* Task requirements *
Exercise in exact copying: restate word for word only the lines below from the one containing "Šiltovka FOX Red" through the one containing "AstroNova AJ-200 tabletop", omitting any pictures.
*** Opening of Data to process ***
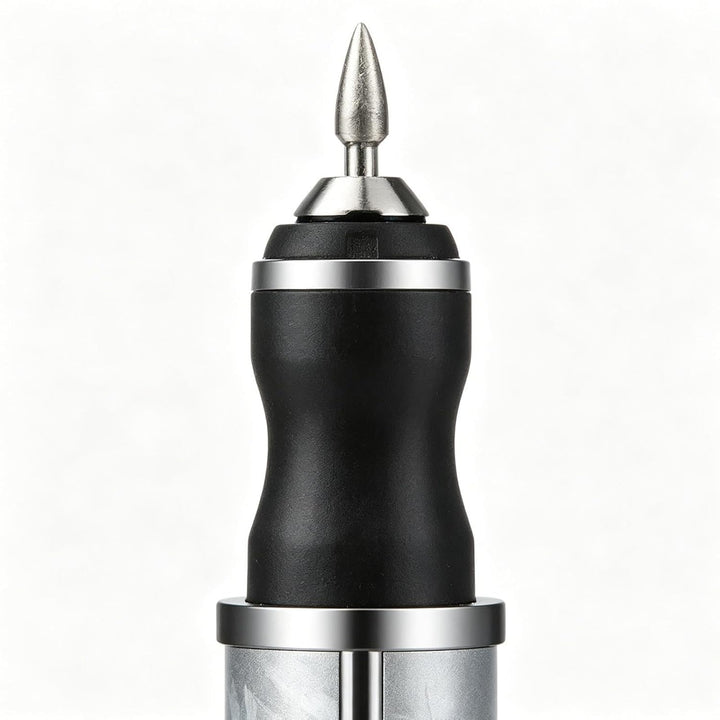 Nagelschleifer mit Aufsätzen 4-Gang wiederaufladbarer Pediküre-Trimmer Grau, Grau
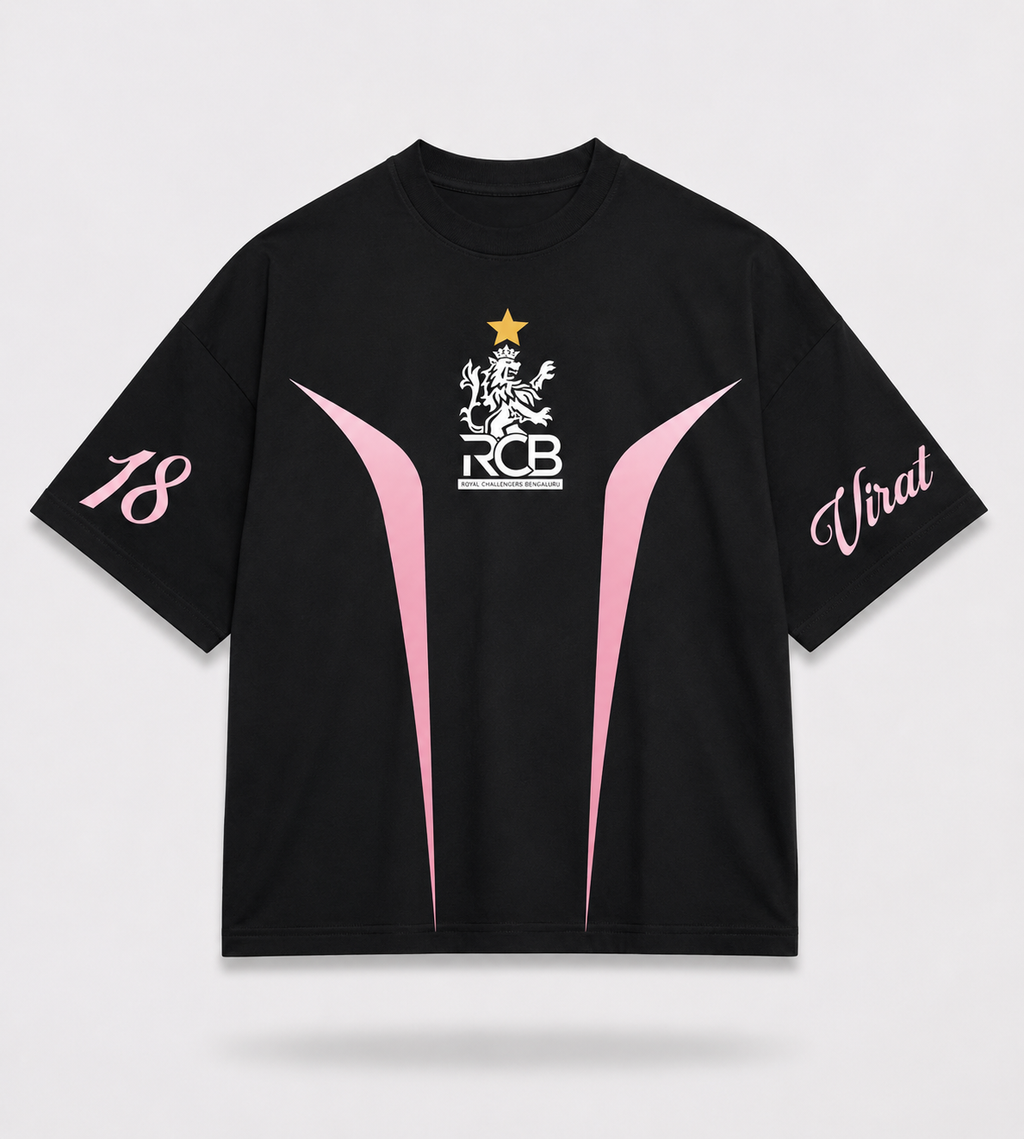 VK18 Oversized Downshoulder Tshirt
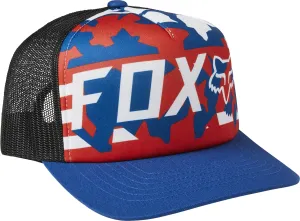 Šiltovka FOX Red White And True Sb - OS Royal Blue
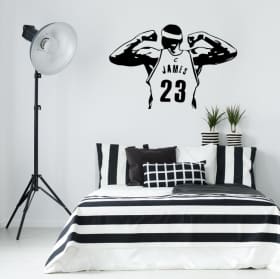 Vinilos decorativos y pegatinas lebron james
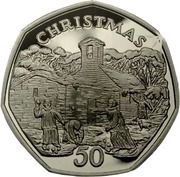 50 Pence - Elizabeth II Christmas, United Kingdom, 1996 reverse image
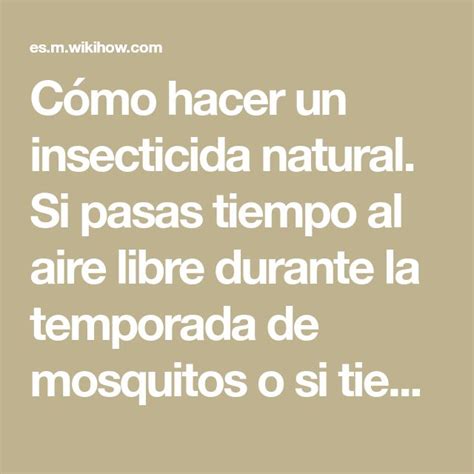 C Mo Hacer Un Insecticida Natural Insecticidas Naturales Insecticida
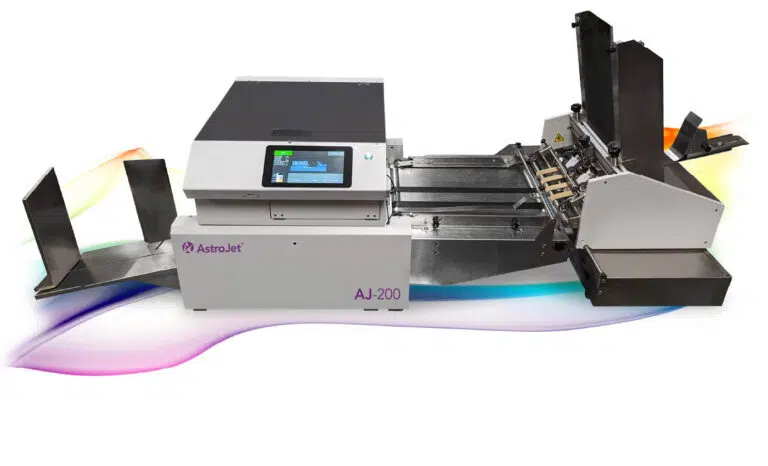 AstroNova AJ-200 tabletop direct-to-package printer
*** Close of Data to process ***
*** Opening of Data to process ***
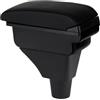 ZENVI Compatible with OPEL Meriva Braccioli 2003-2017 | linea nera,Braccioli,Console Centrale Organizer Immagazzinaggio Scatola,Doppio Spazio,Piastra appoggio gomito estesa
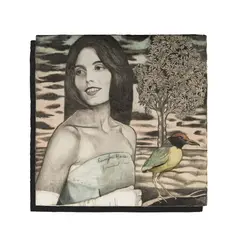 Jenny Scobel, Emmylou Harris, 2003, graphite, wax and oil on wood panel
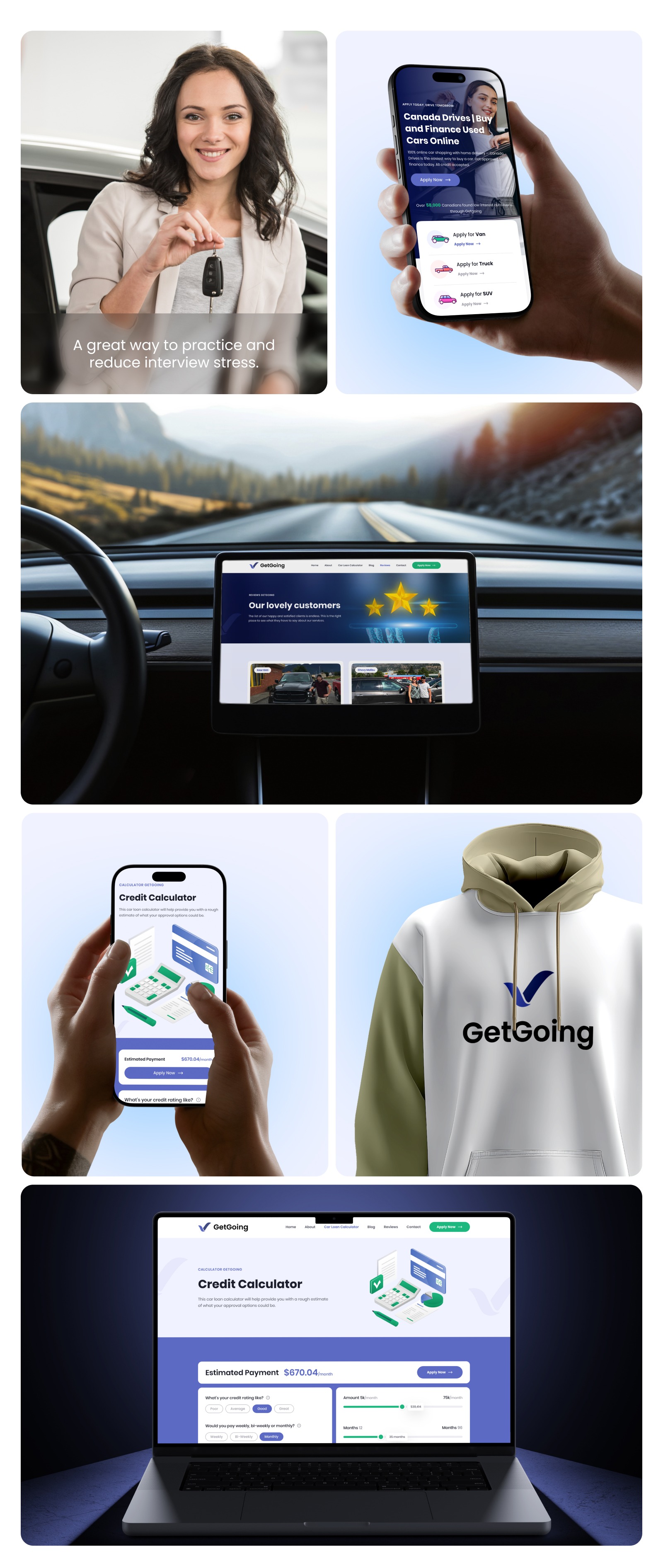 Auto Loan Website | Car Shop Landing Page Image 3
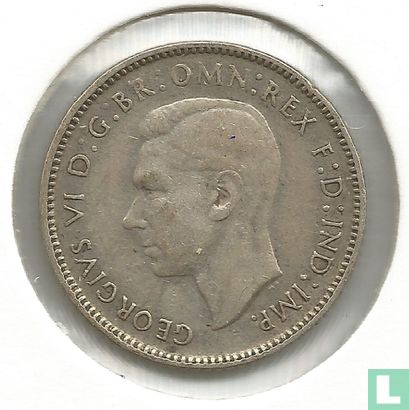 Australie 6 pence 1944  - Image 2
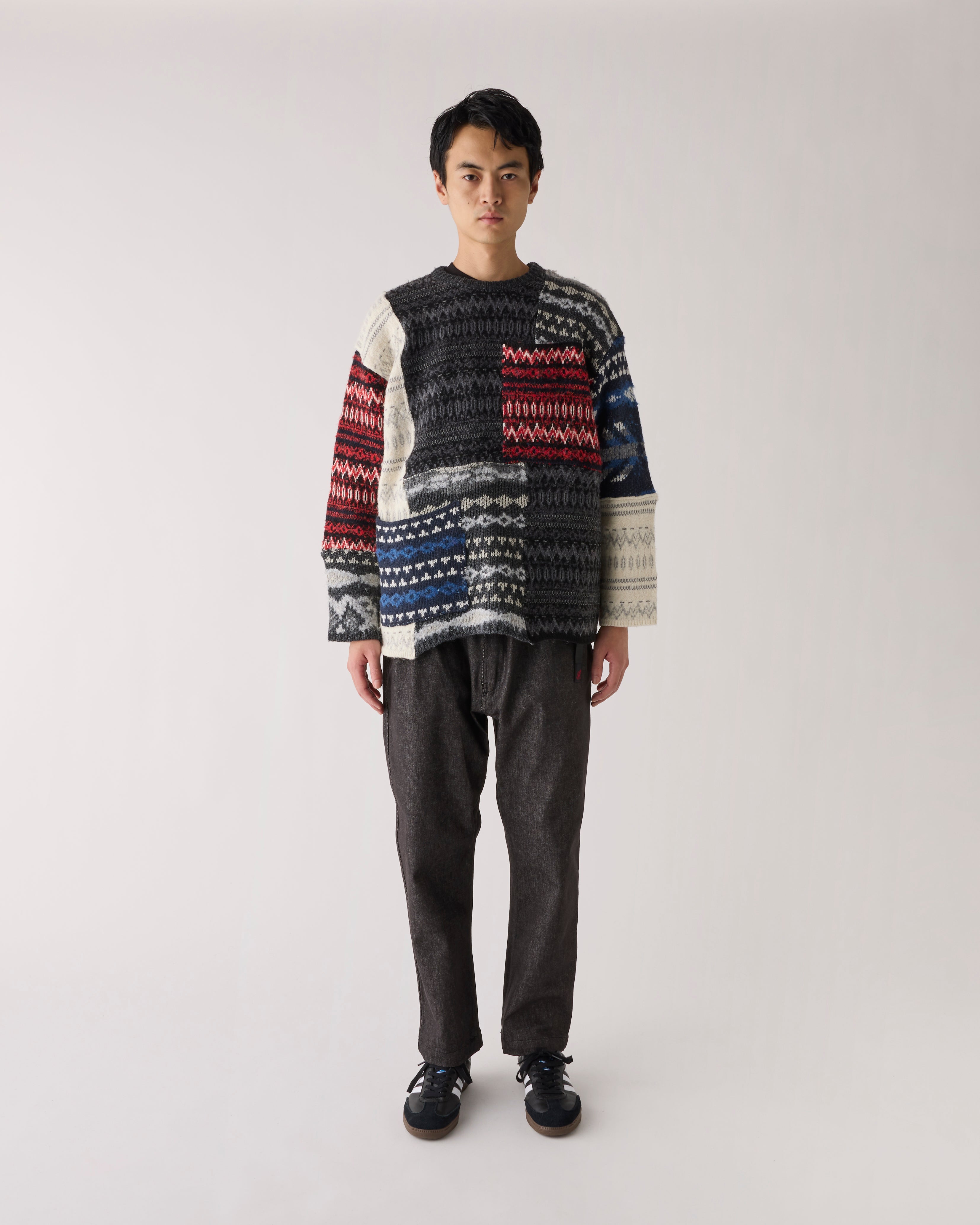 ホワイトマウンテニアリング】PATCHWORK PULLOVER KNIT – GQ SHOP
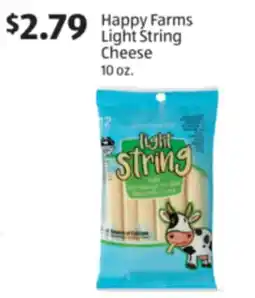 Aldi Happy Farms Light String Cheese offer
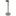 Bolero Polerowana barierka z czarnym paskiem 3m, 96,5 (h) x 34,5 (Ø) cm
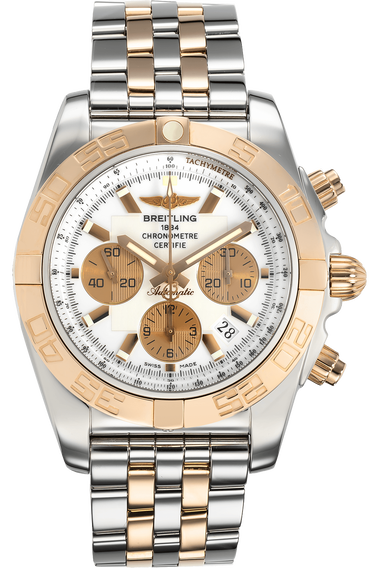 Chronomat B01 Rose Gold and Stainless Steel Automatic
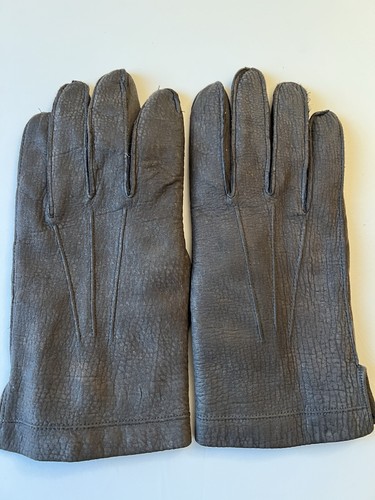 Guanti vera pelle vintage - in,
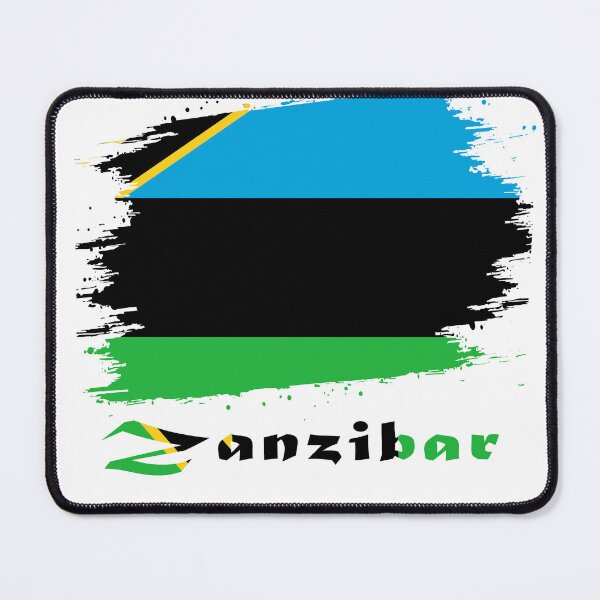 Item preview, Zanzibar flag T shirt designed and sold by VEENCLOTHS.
*** Close of Data to process ***
*** Opening of Data to process ***
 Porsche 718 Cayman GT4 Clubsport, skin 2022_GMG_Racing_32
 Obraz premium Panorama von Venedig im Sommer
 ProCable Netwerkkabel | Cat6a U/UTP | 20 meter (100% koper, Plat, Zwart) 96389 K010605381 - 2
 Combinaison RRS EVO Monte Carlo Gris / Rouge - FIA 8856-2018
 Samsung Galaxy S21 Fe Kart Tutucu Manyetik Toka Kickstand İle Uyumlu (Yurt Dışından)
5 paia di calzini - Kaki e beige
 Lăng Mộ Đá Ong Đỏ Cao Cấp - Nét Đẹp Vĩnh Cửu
*** Close of Data to process ***
* Exercise output *
 Šiltovka FOX Red White And True Sb - OS Royal Blue
 Vinilos decorativos y pegatinas lebron james
 50 Pence - Elizabeth II Christmas, United Kingdom, 1996 reverse image
 C Mo Hacer Un Insecticida Natural Insecticidas Naturales Insecticida
 AstroNova AJ-200 tabletop direct-to-package printer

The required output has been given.